I never had any issue with sixxs however I'll keep hurricane in mind...
I run another tunnel (with other ipv6 subnet) but same account through another server (ubuntu 11.04 server) which runs fine.

Even when I removed the sixxs-aiccu package freebsd freezes when issuing *ifconfig gif0 create* I can't find out why, yesterday I even recompiled the kernel, still freezes when running *ifconfig gif0 create*...

Any ideas how to troubleshoot?


----------



## kpa (Nov 9, 2012)

That pretty much rules out a problem with net/sixxs-aiccu. I also have had zero issues with my SixXS tunnel, it just works 24/7.

Can you post the relevant parts of  /etc/rc.conf. Also if you have made any customizations to kernel config post them as well.

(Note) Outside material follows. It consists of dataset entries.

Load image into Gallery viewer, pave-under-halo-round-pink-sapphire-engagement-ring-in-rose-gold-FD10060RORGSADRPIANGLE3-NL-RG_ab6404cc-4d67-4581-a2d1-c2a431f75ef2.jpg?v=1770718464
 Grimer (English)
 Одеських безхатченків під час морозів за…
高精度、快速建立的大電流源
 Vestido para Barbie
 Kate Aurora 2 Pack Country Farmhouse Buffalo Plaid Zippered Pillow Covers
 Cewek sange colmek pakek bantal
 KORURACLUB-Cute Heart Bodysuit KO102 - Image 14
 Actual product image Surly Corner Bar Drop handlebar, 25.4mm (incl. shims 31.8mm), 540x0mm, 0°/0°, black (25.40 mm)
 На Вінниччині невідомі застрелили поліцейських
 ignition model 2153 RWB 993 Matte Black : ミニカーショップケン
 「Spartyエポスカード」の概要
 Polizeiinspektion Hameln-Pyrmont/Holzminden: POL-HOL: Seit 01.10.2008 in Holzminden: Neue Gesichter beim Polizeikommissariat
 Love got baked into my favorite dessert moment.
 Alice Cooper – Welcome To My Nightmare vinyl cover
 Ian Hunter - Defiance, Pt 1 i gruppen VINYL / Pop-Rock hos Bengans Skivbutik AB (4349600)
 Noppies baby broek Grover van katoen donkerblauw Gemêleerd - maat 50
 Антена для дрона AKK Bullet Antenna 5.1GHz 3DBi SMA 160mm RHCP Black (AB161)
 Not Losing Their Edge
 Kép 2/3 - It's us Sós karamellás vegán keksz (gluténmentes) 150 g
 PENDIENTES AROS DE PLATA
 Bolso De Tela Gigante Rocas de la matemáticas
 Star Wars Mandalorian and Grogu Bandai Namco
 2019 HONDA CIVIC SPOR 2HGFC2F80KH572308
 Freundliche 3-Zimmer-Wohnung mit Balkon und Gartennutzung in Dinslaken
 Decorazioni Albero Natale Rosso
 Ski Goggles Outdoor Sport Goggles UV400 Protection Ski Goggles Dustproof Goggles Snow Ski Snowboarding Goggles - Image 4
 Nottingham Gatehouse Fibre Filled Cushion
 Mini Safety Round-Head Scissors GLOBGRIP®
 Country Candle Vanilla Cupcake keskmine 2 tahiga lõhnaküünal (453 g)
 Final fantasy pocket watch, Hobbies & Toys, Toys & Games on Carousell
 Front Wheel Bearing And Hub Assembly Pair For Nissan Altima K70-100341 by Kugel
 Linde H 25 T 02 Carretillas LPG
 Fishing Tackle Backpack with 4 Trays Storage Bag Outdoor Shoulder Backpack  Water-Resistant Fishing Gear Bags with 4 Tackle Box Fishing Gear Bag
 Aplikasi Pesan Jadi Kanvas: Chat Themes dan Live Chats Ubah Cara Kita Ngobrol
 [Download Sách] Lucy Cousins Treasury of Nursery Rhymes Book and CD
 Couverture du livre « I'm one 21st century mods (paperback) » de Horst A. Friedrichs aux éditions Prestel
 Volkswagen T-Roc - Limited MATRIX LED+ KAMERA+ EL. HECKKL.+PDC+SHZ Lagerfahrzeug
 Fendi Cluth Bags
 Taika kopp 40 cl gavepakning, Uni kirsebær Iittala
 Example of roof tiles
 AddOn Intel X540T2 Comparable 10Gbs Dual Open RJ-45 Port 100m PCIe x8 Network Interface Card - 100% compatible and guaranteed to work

It's probably not the cause of the problem but why do you have netmask 0xffffffe0 on re1? It's more common to use the full 8 bits for the host part with netmask 0xffffff00.


----------



## megapearl (Nov 9, 2012)

It's not specificly due to sixxs, even when I remove the sixxs package the process *ifconfig gif0 create* (or any other tunnel, gre0 or tun0) still hangs.
I have tried it without all the options set in sysctl.conf and loader.conf it doesn't matter.
I have recompiled the kernel because I want to use pf instead of ipf and want ipsec support to build a tunnel to another server with raccoon.

I use the netmask 255.255.255.224 on re1 because I have different subnets on multiple locations and they are all in the 192.168.0.* range, to avoid a lot of configuration work I used different little subnets inside the 192.168.0.* range.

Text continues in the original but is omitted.